Paint: Everything works out for the best. Or not.
Davis, atop an extension ladder as he scrapes paint from a gas station sign, loses his balance in a gust of wind. Hanging on for his life, he tries to reflect on the loss of his recently deceased father but just curses to himself instead until finally rescued. He drives off with a co-worker to the next job and they talk idly, neither one of them approaching the topic of the death of Davis’ father. Instead they banter on about to getting drugs and beer for that evening’s frat party.
They arrive at an office building and Davis zones out while he paints a back hallway, daydreaming in vivid detail the moment he arrived at the hospital to find his father dead. Davis races off from his work, through campus, getting to his student radio show on time, while Ellen, a girl who Davis has had a crush on from afar, arrives as an intern. Davis blunders all attempts at communications, returns to his radio booth and drifts off again, remembering his final, painful visits with his father at the hospital. He finishes the radio show and shows up, already half drunk, at the frat party where his step-brother tells him that he is not wanted at their father’s funeral the next day.
High on mushrooms, Davis dissolves into a mess, blacking out and then wandering off until he runs into Ellen. He awkwardly blathers on about her beauty and then finally about his father, impulsively inviting her to the funeral before falling asleep on her couch.

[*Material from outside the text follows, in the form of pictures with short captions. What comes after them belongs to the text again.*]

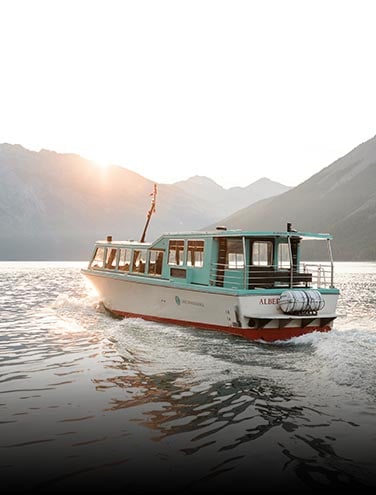 A boat cruises on a lake.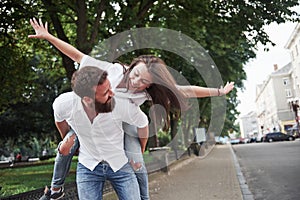 A young funny loving couple have fun on a sunny day.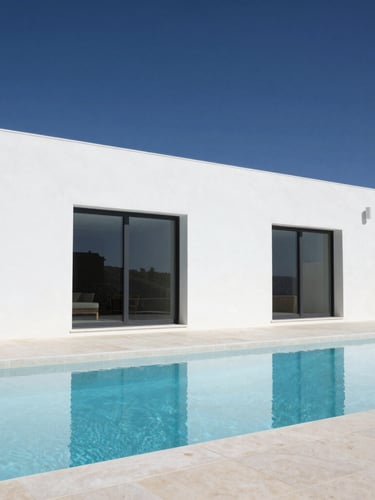 High-end architectural detail of a modern minimalist Algarve villa terrace with clean white concrete lines, pristine swimming pool reflecting deep blue sky, bright natural daylight, sharp shadows, 35mm photography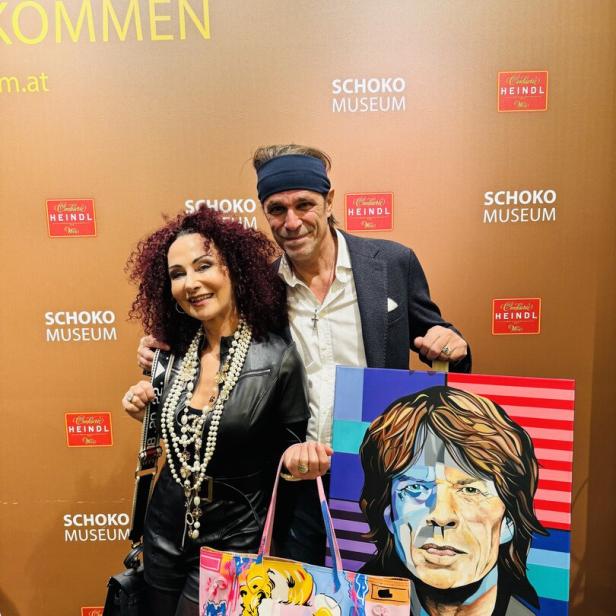 Zwei Personen posieren vor einer braunen Wand mit Pop-Art-Gemälden von Mick Jagger und Marilyn Monroe.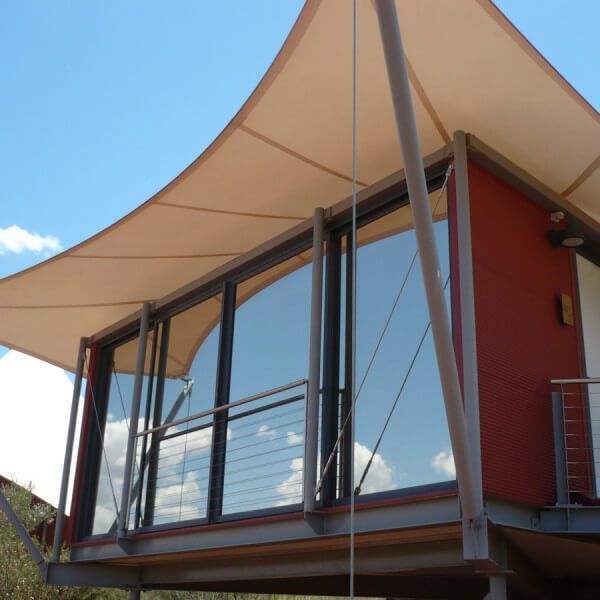 A red building with a white umbrella on top of it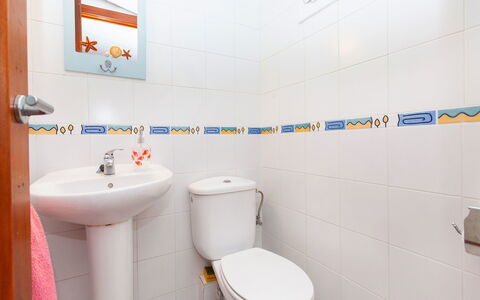 Remedios: Bathroom, Property, Toilet, Room, Toilet Seat, Plumbing Fixture, Wall, Purple, Tile, Interior Design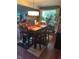 Dining room with a wooden table and six chairs at 11155 Baywood Ln, Indianapolis, IN 46236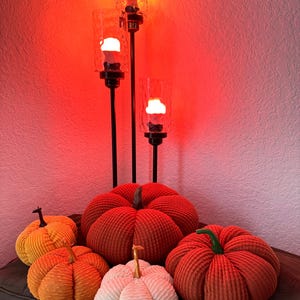 May include: Five decorative pumpkins in various colors and textures, including orange, white, and red, are arranged on a dark surface. The pumpkins are illuminated by a three-tiered candle holder with three lit candles.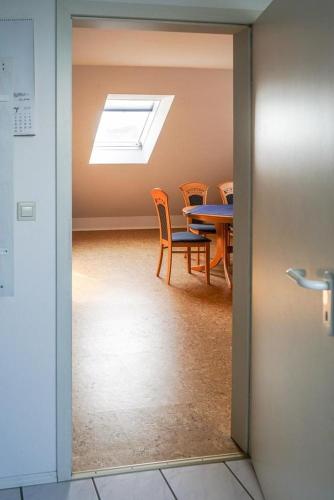 a room with a table and chairs and a skylight at Ferienwohnung Schneider in Bannesdorf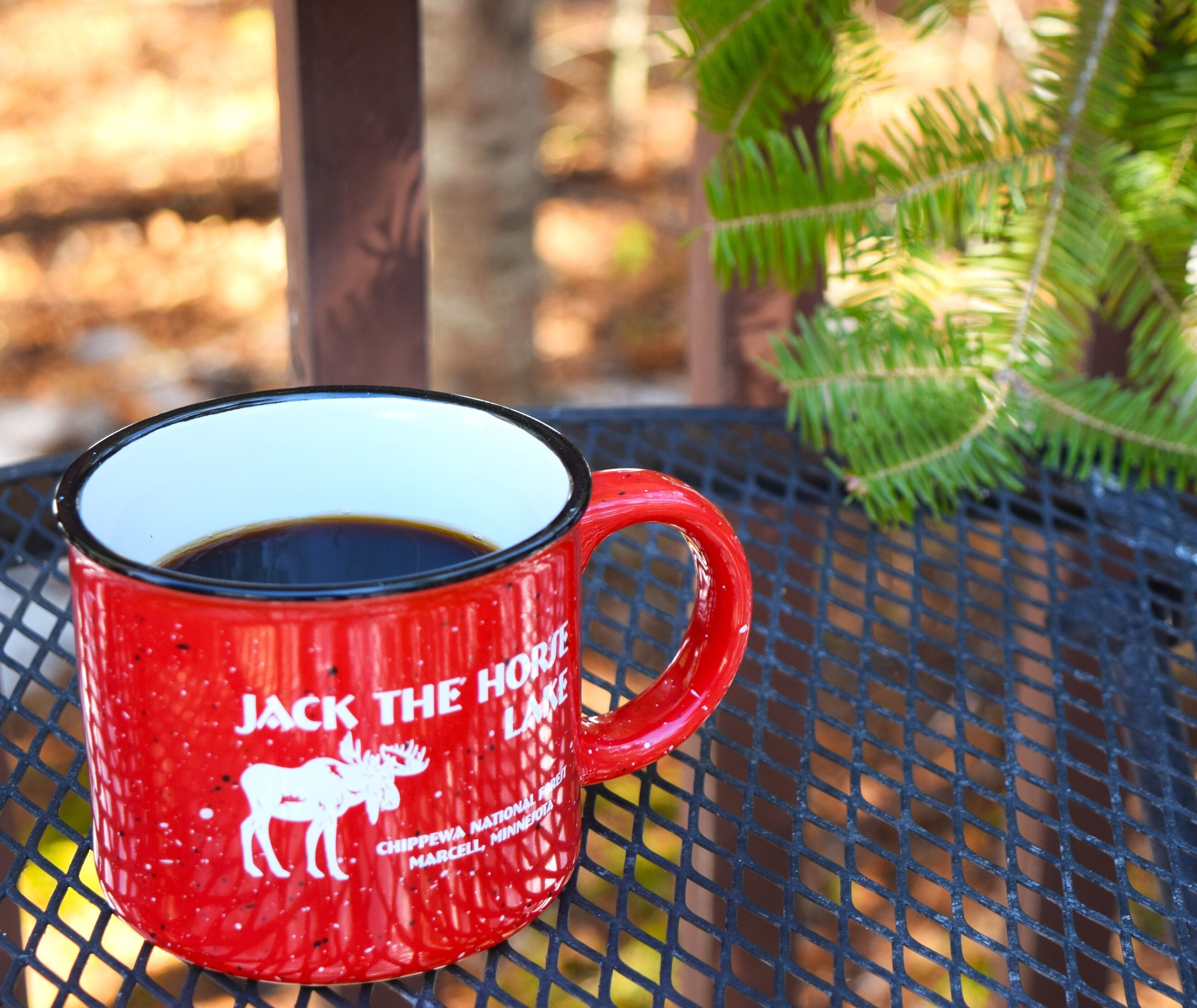 Una taza roja con texto blanco y la silueta de un caballo, sobre una mesa de metal al aire libre.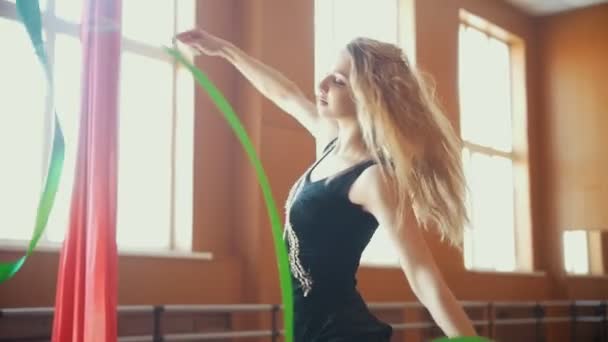 Gimnasia rítmica - mujer joven entrenando un ejercicio de gimnasia con una cinta verde, cámara lenta — Vídeo de stock
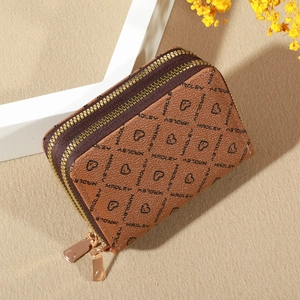 Close-up of brown textured leather coin purse with double gold zippers and heart pattern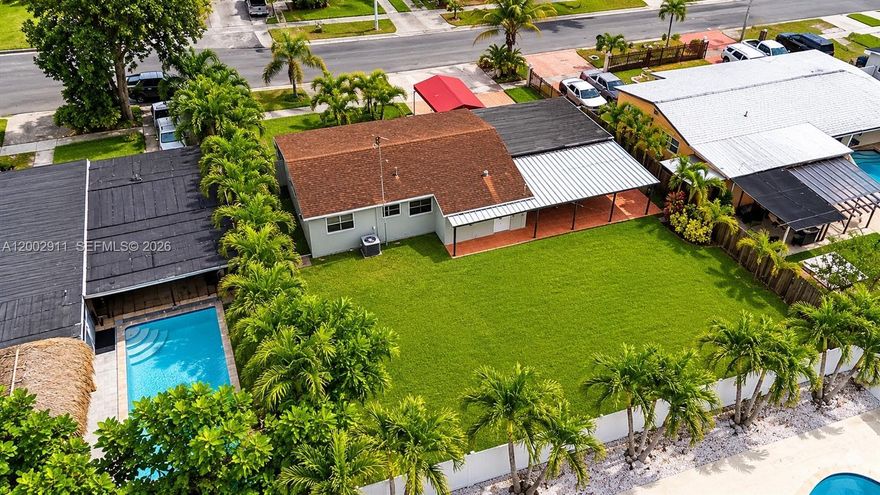 Move-in ready 3-bedroom, 2-bathroom home on an oversized 7,500 sq ft lot in Hialeah. This well-maintained property offers a functional layout with comfortable living spaces and plenty of natural light throughout. The expansive yard provides excellent potential for future additions, parking for multiple vehicles, or outdoor customization. Home is being sold with all kitchen appliances, plus washer and dryer for added convenience. Centrally located near Goodlet Park, Hialeah Senior High School, and just minutes from Downtown Doral, with quick access to major highways, shopping, and dining.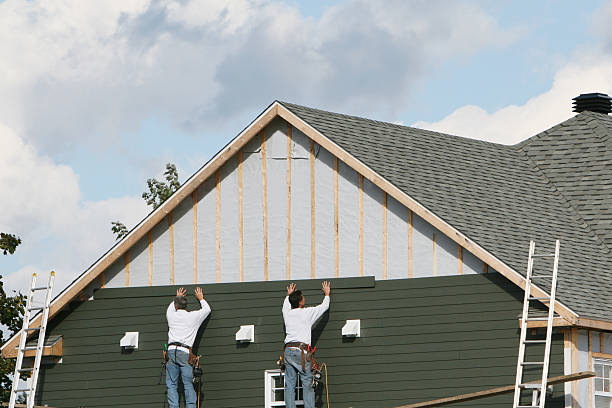 Professional Siding Installation technician working in Baring, WA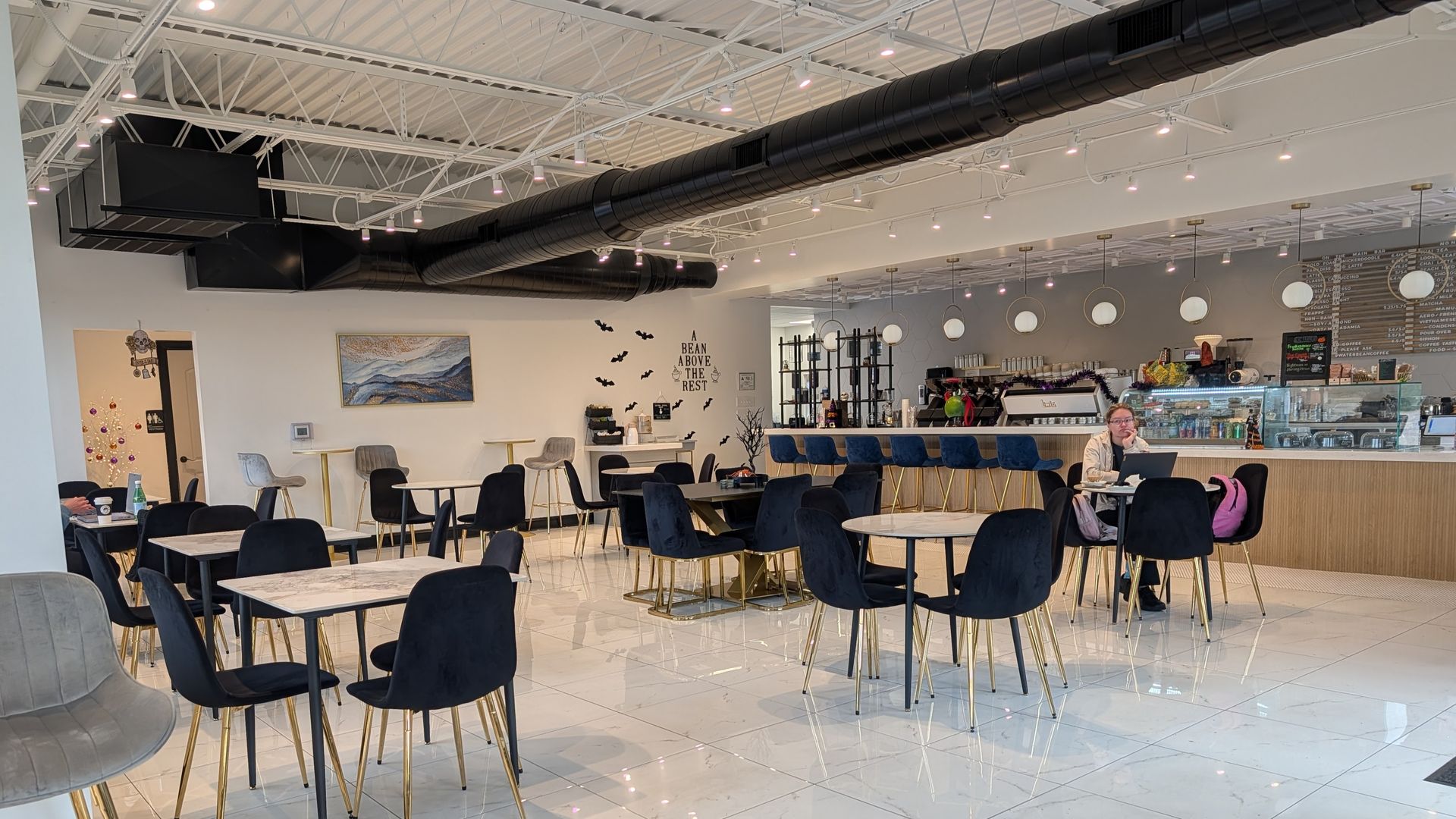 An interior view of a bright cafe with black chairs, tables, and an open bar area against a long counter.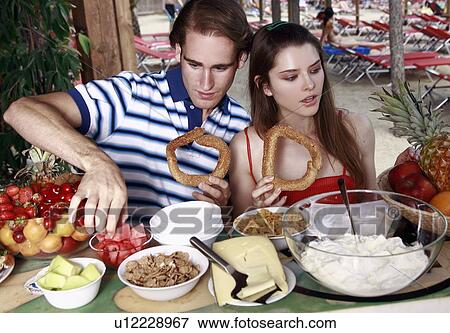 Young adult couple at breakfast holding sesame bread rings View Large Photo Image Stock Photo - Young adult couple at breakfast holding sesame bread rings. Fotosearch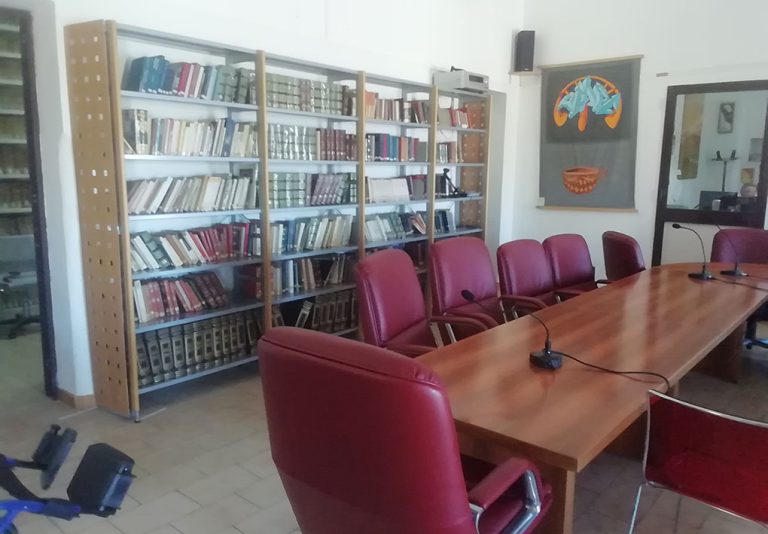 un tavolo da riunione in una sala con scaffali di libri alle pareti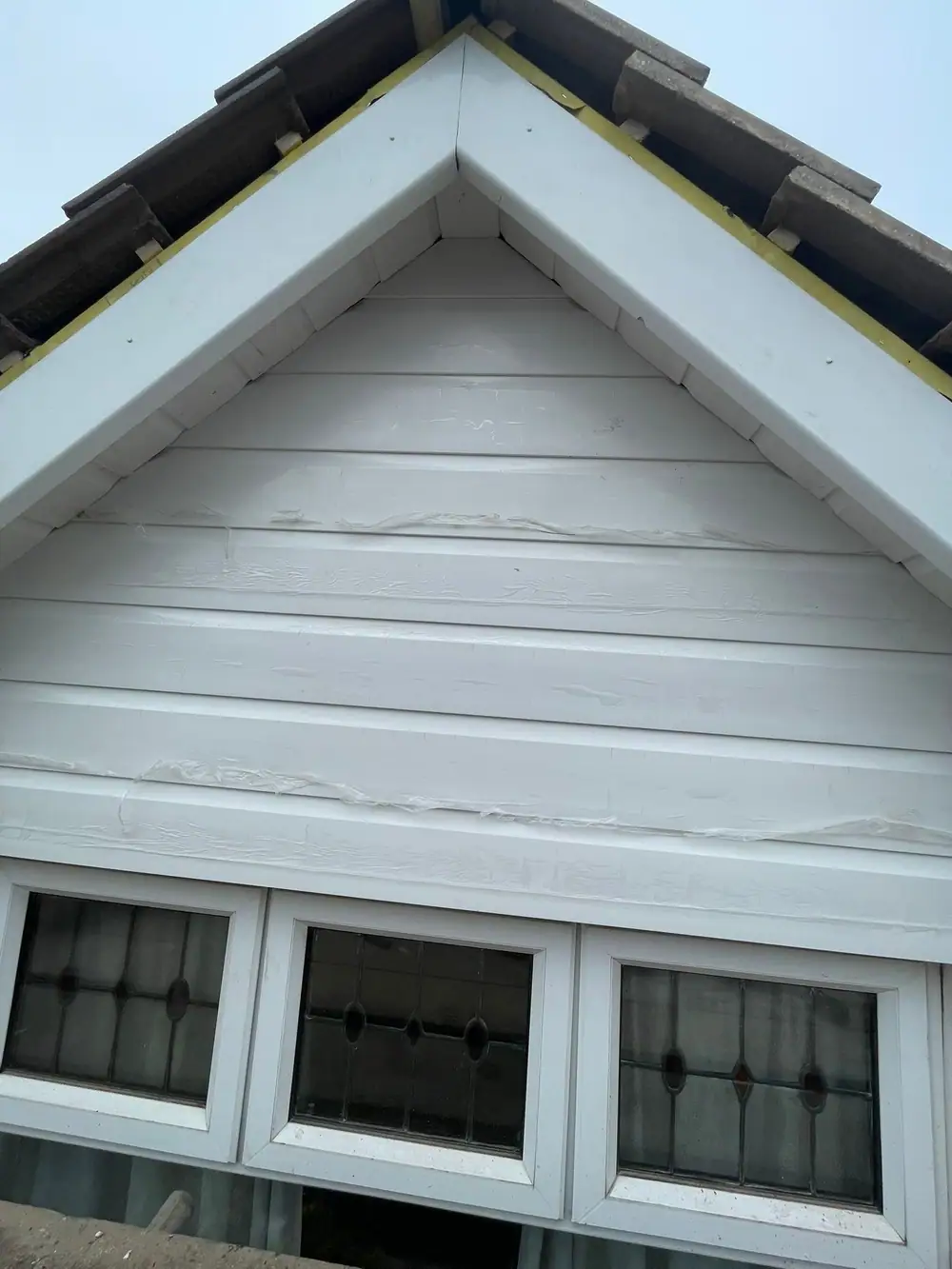 New white uPVC cladding and barge boards on a front gable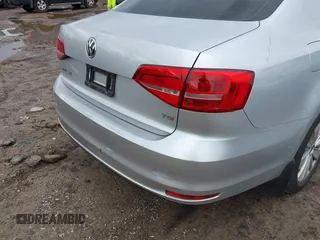 2015 Volkswagen Jetta Sedan 1.8T SE with VIN 3VWD17AJ4FM302117, listed as a IAAI auction lot 41917138 with 122,946 mi miles. Bid and sale history available at carsss.com. Image 14.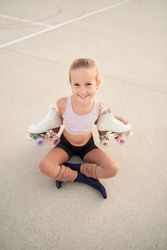 Positive roller skater girl holding white quads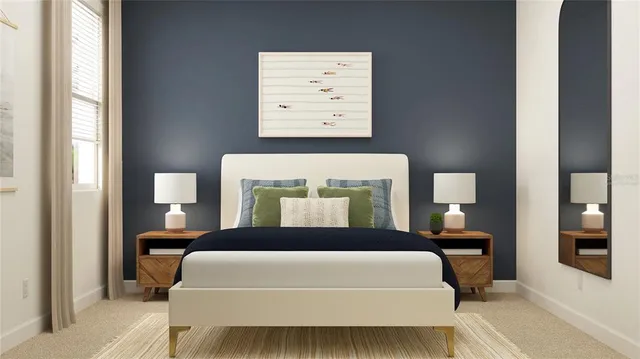 a bedroom with a large bed and a night stand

He wakes up late, and running across campus again, gets to the funeral at last moment where he sits in the back. Mr. Heaney, an old friend of his father’s, gives Davis life advice while sharing a bottle of scotch whiskey. Davis falls asleep, dreaming of his father, to wake as his step-family is leaving the church.
Davis returns to the gas station, back to the drudgery of scraping paint, when Ellen appears and offers to help.